Novae are completely unpredictable and astronomers have to seize the opportunity to observe them when they can. About 80 days after the explosion of the nova in Cygnus the expanding cloud of hot gas had grown big enough for MERLIN to resolve it, the first radio telescope to do so. High-resolution observations showed that the gas cloud was not round but elongated. This may show the orientation of the binary system. The early images show a temperature of 7000-10 000 C, but in later observations the temperature had risen towards 100 000 C. This is a startling result and indicates that the hot gas emitting the radio waves must have received energy directly from the thermonuclear explosions.
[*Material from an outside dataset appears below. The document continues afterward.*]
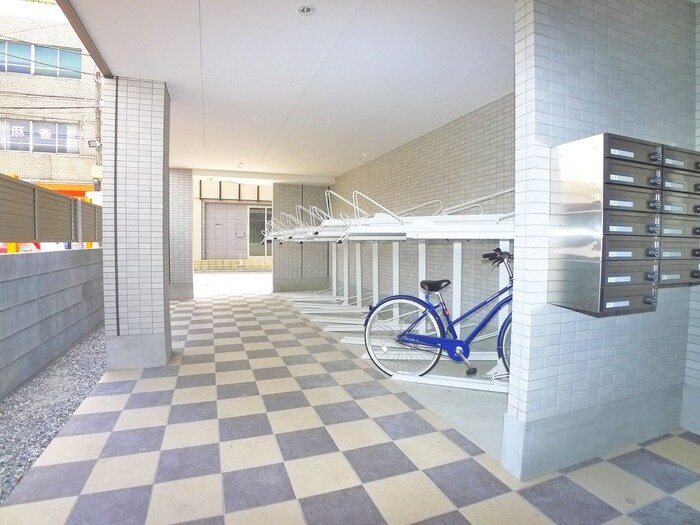 駐輪場 ウイリアムⅡ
Just over three seconds of pulses from the pulsar PSR 0329+54 observed with the Lovell Telescope

Though nova explosions are vastly more powerful than anything seen on Earth, they are dwarfed by much rarer supernova explosions, in which an entire star is disrupted and its matter is blown into space.

Lives of the Stars

The birth, life and death of stars are complex processes, but we now have a good idea of what happens throughout the life of a star. Stars are born out of vast clouds of cold dust and gas. A large enough cloud will contract under its own weight, shrinking and heating until it starts to shine as a protostar. As the core reaches 10 million degrees C, nuclear reactions begin and the outpouring of energy halts the contraction.

Hydrogen is the nuclear fuel that powers most stars, and for most of their lives stars steadily convert hydrogen to helium just as the Sun is doing today. When the hydrogen runs out, the star swells to become a gaint, and more complex energy-producing reactions continue in the core.

What happens the depends on the mass of the star. A heavier star eventually explodes as a supernova, producing a glowing mass of debris (a supernova remnant) with a rapidly spinning pulsar at its centre. A less massive star, like the Sun, puffs off its outer layers and ends its life as a compact, burned-out hot cinder known as a white dwarf.

The Pleiades, a cluster of young stars still partly shrouded in the dust and gas out of which they were born.